Suppress coherence checking in binaries

lindenk · 2016-05-20T23:41:39.929Z

Currently the coherence rules prevent an external trait from being implemented by an external type. In crates intending to be used by other crates, this makes sense and prevents some very possible problems further down the line. The two problems I see these rules solving are:

Trait implementations getting lost in a crate’s modules while a user of the crate might not even know of it’s existence.
If two crates implement the same trait for the same type when neither directly ‘owns’ either, the compiler would have no way of figuring out which to use.

However, there are two situations where these are not problems:

If the crate is a binary rather than a library, no other crate further down the line can include it and another crate with the same implementation.
If the implementation could be marked as private to the crate and not used by crates using it as a dependency.

So I’m proposing a new #[suppress_coherence] that can be used to mark impl blocks as valid code in binaries, and possibly as crate-private implementations for libraries.

withoutboats · 2016-05-21T00:31:40.179Z

I think you’re talking about suppressing the orphan rules, which are used to guarantee coherence, not suppressing the requirement that impls be coherent itself. That is, you don’t want to be able to provide overlapping impls, you want to be able to provide impls that the compiler won’t let you because if it did you could get overlapping impls in theory. Correct me if this is wrong.

If the crate is a binary rather than a library, no other crate further down the line can include it and another crate with the same implementation.

If the crate is a binary, crates further up the line can cause conflicts. You could upgrade a dependency, or add a new one, and in doing so break your build. Rust currently prevents that from happening.

Like every request for turning off orphan rules in some context, I think allowing users to make more complex expressions about their impls would be more fruitful.
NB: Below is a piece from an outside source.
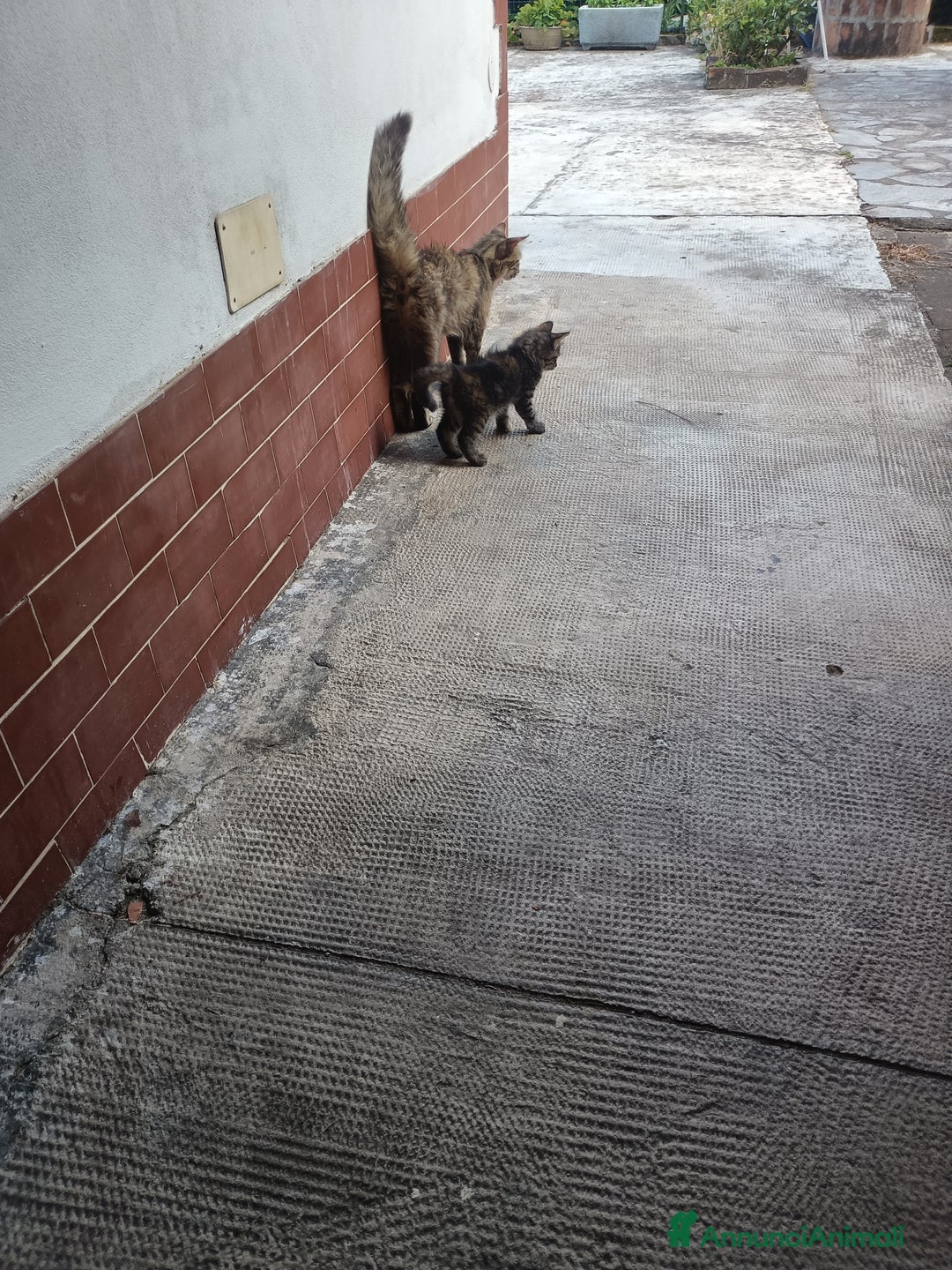 Meticcio gatti in regalo: Gattino di circa 3 mesi a Province of Alessandria - Immagine 2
lindenk · 2016-05-21T00:47:35.650Z

Well, if a crate produces a binary, and a crate further up the line has an impl that is overlapping one defined for the binary, wouldn’t it make sense for the local one to override the crate’s impl for any situation where the compiler finds they overlap? Unless both modules are used in the same file, there shouldn’t any overlap anyway, and if they do, then the impl defined in the crate would be used.

eddyb · 2016-05-22T05:34:58.178Z

You can’t override impls like that without potentially introducing type/memory unsafety, <T as Trait> has to always resolve to the same impl in a compilation “tree” (of crates).
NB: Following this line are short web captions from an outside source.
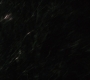 BB-02900.jpg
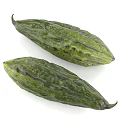 Fresh Green Bitter Melon With Textured Surface And Elongated Shape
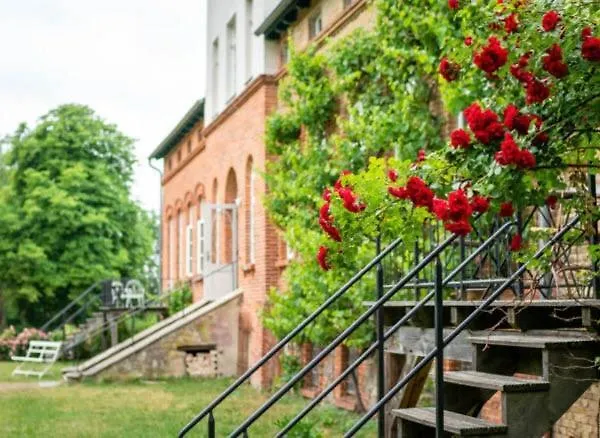 Two-storey With Terrace And Garden * Alt Suhrkow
This is easy to prove by changing associated types between impls, but unsafe code can also (currently) depend on <T as Trait> always resolving to the same implementation, even if there are no associated types to speak of.

withoutboats · 2016-05-22T06:53:04.057Z

eddyb:

This is easy to prove by changing associated types between impls

My expectation is that this would just fail to typecheck. Why am I wrong?

eddyb · 2016-05-22T14:25:13.283Z

You’re not wrong, that’s the obvious failure case (type unsafety, something you would always guard against), but it’s not the only one.

Consider a safe method that resets some state (e.g. sets the length of a vector to 0 or replaces an Option with None) and it gets used for turning exception unsafety during unwinding into a resource leak (aka the PPYP idiom).

If one could override such a method, they would be able to cause memory unsafety without actually writing unsafe code, by instantiating a generic function which makes use of the method in question in a safety-critical manner.

EDIT: Even worse: override something like Any::get_type_id to get transmute from safe code.

system · 2019-03-25T08:26:12.506Z

This topic was automatically closed 90 days after the last reply. New replies are no longer allowed.